By Max McCrory
I’d been anxious to try Della Terra, located in Zelienople, for quite some time and it was definitely worth the wait. The restaurant is located on the town’s charming main street in an old bank, so when you first walk in you’re met with high ceilings and navy blue walls decorated with Dutch masters style paintings. The space is modern yet cozy, which also reflects in the food.
It was so hard to pick just a few things to sample off of the menu, because every single item sounded delectable. We didn’t get to try the wood fired pizzas, which looked incredible and there were so many delectable pastas, it was hard to choose. My companion and I ended up ordering a selection of things to share. We started with the fried chickpeas with chiles and aromatics, which were the perfect combination of crispy and spicy. We then had the garlic bread topped with parmesan and burrata, which was naturally leavened and had a pizza dough like consistency. For our main course, we tried the agnolotti with corn, ricotta, and sage butter. It was a delightful summer dish!
What really caught my attention was the fried artichokes. I’ve never seen these before on a Pittsburgh Italian restaurant menu, so the dish piqued my curiosity. I’ve tried artichokes plenty of times, but I’ve typically only seen them steamed and if they are fried, it’s just the hearts.
I did some research and found that deep fried artichokes originated in the Jewish ghetto of Rome in the 1500s, as artichokes were extremely plentiful compared to other vegetables. Water was scarce in the ghetto, so deep frying was their go-to mode of food preparation. Over time, Italians warmed to this delicious vegetable, which lead to its global popularity.
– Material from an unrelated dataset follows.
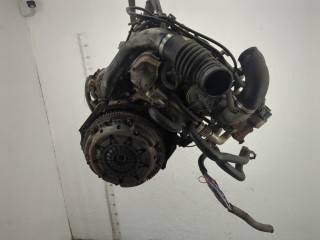 Турбина, Nissan X-Trail (T30) 2004-2007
Della Terra’s fried artichokes looked like beautiful, blossoming flowers when they came out of the kitchen. My mouth was watering before I even took a bite. The artichokes were topped with a cacio e pepe aioli, which I’d never seen on anything other than pasta. The sauce was creamy and rich with a bit of a bite from the pepper. The juice from the grilled lemon served with the dish complemented the luscious sauce and added some freshness. The fried artichokes themselves, were both crunchy and tender, which is how you know something is fried to perfection. Now that I’ve tried this dish, I want to eat it again and again. I’m already planning my next visit to Della Terra.